Burress began carrying a gun in his rookie season. He said it gave him a false sense of security. After the shooting, he believed he was invincible.
“I’m good. I’m Plaxico Burress,” he wrote. “I’m an NFL player, a Super Bowl hero. It’s not like they’re gonna throw me in jail, right?
Burress served 22 months. He said he lost count of the nights he cried. Burress described life in prison as “basically being put in a cage for 17 hours a day”. He mopped floors, cleaned toilets, and served food in the cafeteria.
He recalled family members who he had taken care of financially turn their back on him. There was more loss to speak of.
“I learned some lessons the hard way, and that’s ok,” he wrote. “But at the end of the day, I lost two years of playing the game I love when I was in my prime. I lost millions of dollars, I lost valuable time with my wife and children. I even missed the birth of my daughter, who was born when I was in prison. I basically lost everything all because of one stupid decision.”
Burress always wants to educate incoming players about finances. He urged players to educate themselves about money management.
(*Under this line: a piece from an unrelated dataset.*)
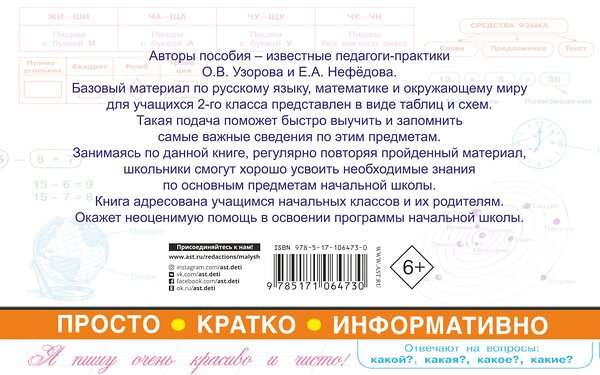 АСТ Узорова О.В., Нефедова Е.А. "Все таблицы для 2 класса. Русский язык. Математика. Окружающий мир" 366455 978-5-17-106473-0 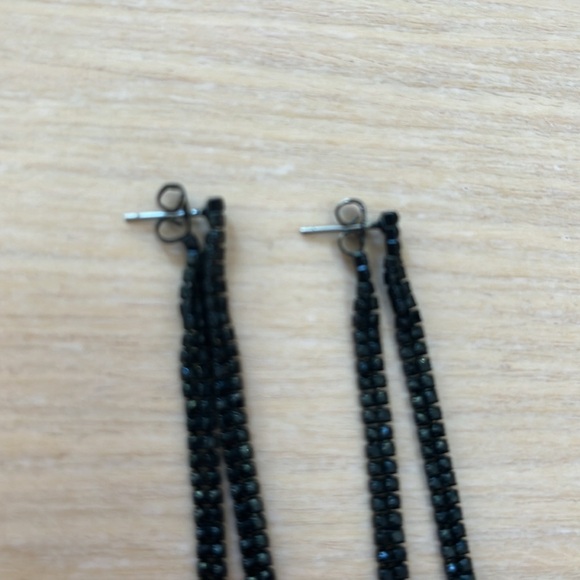 Long black chain earrings looping front-to-back 4" - Picture 3 of 5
Burress said when the Pittsburgh Steelers drafted him “they basically handed $5.5 million to a kid who never had a bank account”. He thought someone in the NFL would teach about managing his money.
Instead, the rookie symposium focused on other things.
“It felt like they spent more time teaching us about STDs and how to conduct ourselves in public than about how to protect ourselves from scams, risky investment, and other financial dangers.”
Burress didn’t blame the NFL for what happened to him.
“It was my life and my money,” he wrote. “And I should have taken the necessary steps to educated myself and protect what I had earned—and so should you.”